If you want to push your life in the direction it was meant to go, the most important thing you can do is never mistake your problems as the cause for your unhappiness. You’re only ever really unhappy when you have problems and you don’t do anything about them.
Instead of the road blocks between you and where you want to go, think of your problems as the sign posts that exist in your life to start showing you the way forward.
Wonderful articles in this post it’s very beneficial for me. Thanks to share this post.
This matches my own understanding of long-standing problems in our lives. It’s true that the most of the pain related to long-standing unresolved problems comes not from the problem itself, but from the knowledge that we are not doing anything about it. Most issues will need to be solved anyway. There’s no point in postponing them. The sooner you start doing at least something, the quicker you’ll get rid of the pain of procrastination.
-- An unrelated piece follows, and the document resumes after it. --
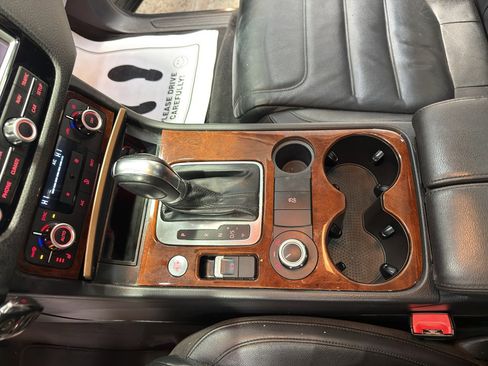 Used 2014 Volkswagen Touareg TDI image 17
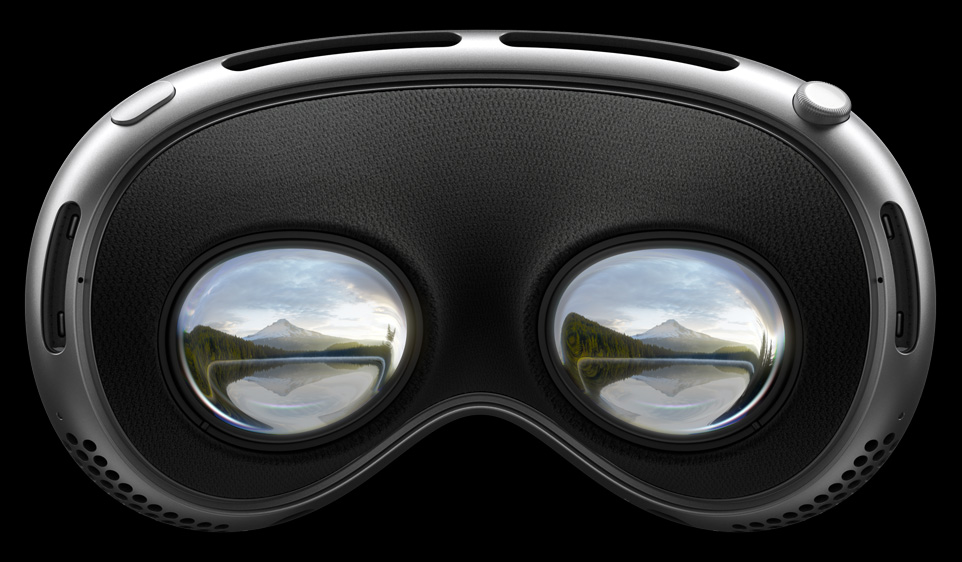 صورة للجانب الخلفي من Apple Vision Pro تعرض الشاشتين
Thanks for the insightful post!
hi
http://farsi.khamenei.ir/ndata/news/28731/index.html#en
Brendan, I enjoyed reading your post, specifically when you write about taking ownership of the problem and getting real with the problem.
Many times people cannot make sense of their frustration and keep pushing away their anger or frustration. A disconnection! That is the start of unhappiness. This needs attention not only through presence and awareness but also with being grounded in one’s heart to feel connected and start valuing what is important.
Psychology Today issued a survey to determine the number one factor of happiness and connection rated at the top criteria for happiness! Yvonne, http://www.YvonneStLouis.com
Thanks Brendan.
I can relate with step number 1 for most of my life. You mentioned the shifting of responsibilities onto outside forces so we can avoid taking ownership of it, which is not the way to approach our lives. I do wish I realized the truth sooner!
Hi Brendan,
I really enjoyed reading this post! I loved how you walked through solving a problem. Own it, find the real problem, then shift your focus to solving the problem one small step at a time. A great method for overcoming problems!